Subkey derivation and authenticated encryption in ASP.NET Core
Most keys in the key ring will contain some form of entropy and will have algorithmic information stating "CBC-mode encryption + HMAC validation" or "GCM encryption + validation". In these cases, we refer to the embedded entropy as the master keying material (or KM) for this key, and we perform a key derivation function to derive the keys that will be used for the actual cryptographic operations.
Note
Keys are abstract, and a custom implementation might not behave as below. If the key provides its own implementation of IAuthenticatedEncryptor
rather than using one of our built-in factories, the mechanism described in this section no longer applies.
Additional authenticated data and subkey derivation
The IAuthenticatedEncryptor
interface serves as the core interface for all authenticated encryption operations. Its Encrypt
method takes two buffers: plaintext and additionalAuthenticatedData (AAD). The plaintext contents flow unchanged the call to IDataProtector.Protect
, but the AAD is generated by the system and consists of three components:
The 32-bit magic header 09 F0 C9 F0 that identifies this version of the data protection system.
The 128-bit key id.
A variable-length string formed from the purpose chain that created the
IDataProtector
that's performing this operation.
Because the AAD is unique for the tuple of all three components, we can use it to derive new keys from KM instead of using KM itself in all of our cryptographic operations. For every call to IAuthenticatedEncryptor.Encrypt
, the following key derivation process takes place:
( K_E, K_H ) = SP800_108_CTR_HMACSHA512(K_M, AAD, contextHeader || keyModifier)
Here, we're calling the NIST SP800-108 KDF in Counter Mode (see NIST SP800-108, Sec. 5.1) with the following parameters:
Key derivation key (KDK) =
K_M
PRF = HMACSHA512
label = additionalAuthenticatedData
context = contextHeader || keyModifier
The context header is of variable length and essentially serves as a thumbprint of the algorithms for which we're deriving K_E
and K_H
. The key modifier is a 128-bit string randomly generated for each call to Encrypt
and serves to ensure with overwhelming probability that KE and KH are unique for this specific authentication encryption operation, even if all other input to the KDF is constant.
For CBC-mode encryption + HMAC validation operations, | K_E |
is the length of the symmetric block cipher key, and | K_H |
is the digest size of the HMAC routine. For GCM encryption + validation operations, | K_H | = 0
.
CBC-mode encryption + HMAC validation
Once K_E
is generated via the above mechanism, we generate a random initialization vector and run the symmetric block cipher algorithm to encipher the plaintext. The initialization vector and ciphertext are then run through the HMAC routine initialized with the key K_H
to produce the MAC. This process and the return value is represented graphically below.

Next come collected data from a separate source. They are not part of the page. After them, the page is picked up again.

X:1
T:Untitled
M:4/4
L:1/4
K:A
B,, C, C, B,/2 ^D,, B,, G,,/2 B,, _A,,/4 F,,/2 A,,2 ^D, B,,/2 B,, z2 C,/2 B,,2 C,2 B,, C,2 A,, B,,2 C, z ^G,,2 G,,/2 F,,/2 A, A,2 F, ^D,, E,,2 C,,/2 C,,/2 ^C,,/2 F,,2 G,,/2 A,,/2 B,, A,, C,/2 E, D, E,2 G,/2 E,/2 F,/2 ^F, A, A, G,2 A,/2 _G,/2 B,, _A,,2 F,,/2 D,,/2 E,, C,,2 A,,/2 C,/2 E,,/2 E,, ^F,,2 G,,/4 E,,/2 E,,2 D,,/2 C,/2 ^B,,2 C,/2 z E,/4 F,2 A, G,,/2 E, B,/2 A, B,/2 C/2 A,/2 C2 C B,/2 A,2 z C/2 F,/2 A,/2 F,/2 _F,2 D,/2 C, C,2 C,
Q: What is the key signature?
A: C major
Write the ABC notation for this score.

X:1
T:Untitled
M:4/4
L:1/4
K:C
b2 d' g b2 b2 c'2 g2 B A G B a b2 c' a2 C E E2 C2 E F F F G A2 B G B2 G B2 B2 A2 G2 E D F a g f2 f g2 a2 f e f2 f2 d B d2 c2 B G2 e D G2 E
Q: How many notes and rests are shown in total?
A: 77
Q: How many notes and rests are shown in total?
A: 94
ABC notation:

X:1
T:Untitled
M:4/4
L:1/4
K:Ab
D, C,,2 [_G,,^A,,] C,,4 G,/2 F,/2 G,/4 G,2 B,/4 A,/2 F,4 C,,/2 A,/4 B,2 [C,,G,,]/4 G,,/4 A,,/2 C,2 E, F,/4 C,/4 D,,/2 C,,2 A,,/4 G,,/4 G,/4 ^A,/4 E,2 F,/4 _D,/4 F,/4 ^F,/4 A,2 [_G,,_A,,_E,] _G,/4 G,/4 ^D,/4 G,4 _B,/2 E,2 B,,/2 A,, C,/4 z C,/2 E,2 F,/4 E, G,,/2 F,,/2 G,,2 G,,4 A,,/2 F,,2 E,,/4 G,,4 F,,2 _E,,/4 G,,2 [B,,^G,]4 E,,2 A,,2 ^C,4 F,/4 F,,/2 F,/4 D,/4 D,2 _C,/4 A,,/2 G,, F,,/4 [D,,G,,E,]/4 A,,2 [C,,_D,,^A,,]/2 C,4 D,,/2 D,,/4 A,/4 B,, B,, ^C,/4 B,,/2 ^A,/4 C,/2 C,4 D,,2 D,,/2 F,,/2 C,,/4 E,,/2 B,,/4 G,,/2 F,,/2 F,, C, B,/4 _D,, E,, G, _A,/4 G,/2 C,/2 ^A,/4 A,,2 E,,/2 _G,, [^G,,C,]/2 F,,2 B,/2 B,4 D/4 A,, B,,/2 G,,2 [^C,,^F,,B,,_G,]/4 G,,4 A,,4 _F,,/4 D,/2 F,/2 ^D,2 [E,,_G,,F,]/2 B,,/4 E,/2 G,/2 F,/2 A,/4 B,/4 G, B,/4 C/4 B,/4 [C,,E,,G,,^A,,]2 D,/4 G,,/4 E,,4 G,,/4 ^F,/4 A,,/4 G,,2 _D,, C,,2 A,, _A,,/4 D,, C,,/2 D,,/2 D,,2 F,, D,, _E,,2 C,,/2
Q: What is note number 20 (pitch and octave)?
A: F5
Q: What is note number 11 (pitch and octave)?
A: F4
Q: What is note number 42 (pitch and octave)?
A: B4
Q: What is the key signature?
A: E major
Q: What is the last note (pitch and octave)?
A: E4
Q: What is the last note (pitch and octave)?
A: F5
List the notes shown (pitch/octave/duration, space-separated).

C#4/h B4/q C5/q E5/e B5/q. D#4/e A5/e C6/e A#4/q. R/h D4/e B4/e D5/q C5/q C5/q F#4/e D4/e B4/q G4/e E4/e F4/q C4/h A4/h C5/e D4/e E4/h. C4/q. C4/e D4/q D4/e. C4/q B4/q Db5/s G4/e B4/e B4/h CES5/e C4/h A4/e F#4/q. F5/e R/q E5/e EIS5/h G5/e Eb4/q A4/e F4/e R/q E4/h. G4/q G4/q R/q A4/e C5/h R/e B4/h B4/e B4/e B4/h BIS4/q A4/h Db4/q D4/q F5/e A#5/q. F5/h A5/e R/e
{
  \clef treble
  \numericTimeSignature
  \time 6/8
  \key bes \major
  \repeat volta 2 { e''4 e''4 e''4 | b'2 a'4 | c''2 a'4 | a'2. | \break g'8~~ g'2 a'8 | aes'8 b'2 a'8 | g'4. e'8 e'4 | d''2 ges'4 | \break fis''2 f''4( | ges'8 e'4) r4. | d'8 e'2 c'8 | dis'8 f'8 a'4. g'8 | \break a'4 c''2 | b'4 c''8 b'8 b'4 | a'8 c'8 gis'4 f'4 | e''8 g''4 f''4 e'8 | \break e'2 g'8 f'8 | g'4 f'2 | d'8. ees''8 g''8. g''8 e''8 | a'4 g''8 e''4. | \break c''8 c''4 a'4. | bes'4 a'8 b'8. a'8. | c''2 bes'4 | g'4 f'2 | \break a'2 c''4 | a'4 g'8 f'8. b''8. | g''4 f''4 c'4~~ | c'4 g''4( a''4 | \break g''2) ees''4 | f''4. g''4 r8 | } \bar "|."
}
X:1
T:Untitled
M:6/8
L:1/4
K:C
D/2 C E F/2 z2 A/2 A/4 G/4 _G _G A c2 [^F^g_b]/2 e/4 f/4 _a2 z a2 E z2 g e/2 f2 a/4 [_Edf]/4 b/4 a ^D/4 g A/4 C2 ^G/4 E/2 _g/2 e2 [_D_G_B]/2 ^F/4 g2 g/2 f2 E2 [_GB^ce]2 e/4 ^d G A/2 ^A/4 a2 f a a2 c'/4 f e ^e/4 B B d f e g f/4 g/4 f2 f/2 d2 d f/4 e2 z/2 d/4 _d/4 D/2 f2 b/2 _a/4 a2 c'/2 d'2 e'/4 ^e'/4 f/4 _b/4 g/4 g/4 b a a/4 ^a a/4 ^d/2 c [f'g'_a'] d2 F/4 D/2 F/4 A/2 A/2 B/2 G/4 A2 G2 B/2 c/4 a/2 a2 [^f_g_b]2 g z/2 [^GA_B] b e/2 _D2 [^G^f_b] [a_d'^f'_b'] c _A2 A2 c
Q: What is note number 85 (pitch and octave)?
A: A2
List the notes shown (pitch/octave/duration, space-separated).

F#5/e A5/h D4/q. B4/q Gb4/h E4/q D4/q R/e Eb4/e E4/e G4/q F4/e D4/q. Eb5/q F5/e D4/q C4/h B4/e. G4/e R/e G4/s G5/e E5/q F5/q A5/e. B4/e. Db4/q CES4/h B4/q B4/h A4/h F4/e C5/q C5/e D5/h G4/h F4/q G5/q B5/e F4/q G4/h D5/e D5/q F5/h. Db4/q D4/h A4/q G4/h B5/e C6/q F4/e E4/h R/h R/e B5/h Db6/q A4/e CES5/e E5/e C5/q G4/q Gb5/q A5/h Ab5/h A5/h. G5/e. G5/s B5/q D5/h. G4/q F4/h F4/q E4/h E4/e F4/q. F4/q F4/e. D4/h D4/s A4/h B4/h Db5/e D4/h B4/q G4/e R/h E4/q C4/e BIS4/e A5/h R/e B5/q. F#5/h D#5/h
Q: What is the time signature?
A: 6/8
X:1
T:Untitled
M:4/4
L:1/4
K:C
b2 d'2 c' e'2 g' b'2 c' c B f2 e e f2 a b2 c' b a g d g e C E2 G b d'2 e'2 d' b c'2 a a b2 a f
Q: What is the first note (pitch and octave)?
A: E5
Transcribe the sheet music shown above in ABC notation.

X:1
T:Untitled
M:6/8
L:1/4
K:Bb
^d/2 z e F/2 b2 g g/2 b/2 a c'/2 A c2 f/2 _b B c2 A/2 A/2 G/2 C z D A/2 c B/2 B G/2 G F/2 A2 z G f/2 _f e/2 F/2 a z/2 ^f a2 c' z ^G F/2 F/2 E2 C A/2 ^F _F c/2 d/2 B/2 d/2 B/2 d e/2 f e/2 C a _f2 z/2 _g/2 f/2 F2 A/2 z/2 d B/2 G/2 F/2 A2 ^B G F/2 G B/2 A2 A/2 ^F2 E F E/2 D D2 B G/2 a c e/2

output:= keyModifier || iv || E_cbc (K_E,iv,data) || HMAC(K_H, iv || E_cbc (K_E,iv,data))
Note
The IDataProtector.Protect
implementation will prepend the magic header and key id to output before returning it to the caller. Because the magic header and key id are implicitly part of AAD, and because the key modifier is fed as input to the KDF, this means that every single byte of the final returned payload is authenticated by the MAC.
Galois/Counter Mode encryption + validation
Once K_E
is generated via the above mechanism, we generate a random 96-bit nonce and run the symmetric block cipher algorithm to encipher the plaintext and produce the 128-bit authentication tag.
output := keyModifier || nonce || E_gcm (K_E,nonce,data) || authTag
Note
Even though GCM natively supports the concept of AAD, we're still feeding AAD only to the original KDF, opting to pass an empty string into GCM for its AAD parameter. The reason for this is two-fold. First, to support agility we never want to use K_M
directly as the encryption key. Additionally, GCM imposes very strict uniqueness requirements on its inputs. The probability that the GCM encryption routine is ever invoked on two or more distinct sets of input data with the same (key, nonce) pair must not exceed 2^-32. If we fix K_E
we cannot perform more than 2^32 encryption operations before we run afoul of the 2^-32 limit. This might seem like a very large number of operations, but a high-traffic web server can go through 4 billion requests in mere days, well within the normal lifetime for these keys. To stay compliant of the 2^-32 probability limit, we continue to use a 128-bit key modifier and 96-bit nonce, which radically extends the usable operation count for any given K_M
. For simplicity of design we share the KDF code path between CBC and GCM operations, and since AAD is already considered in the KDF there's no need to forward it to the GCM routine.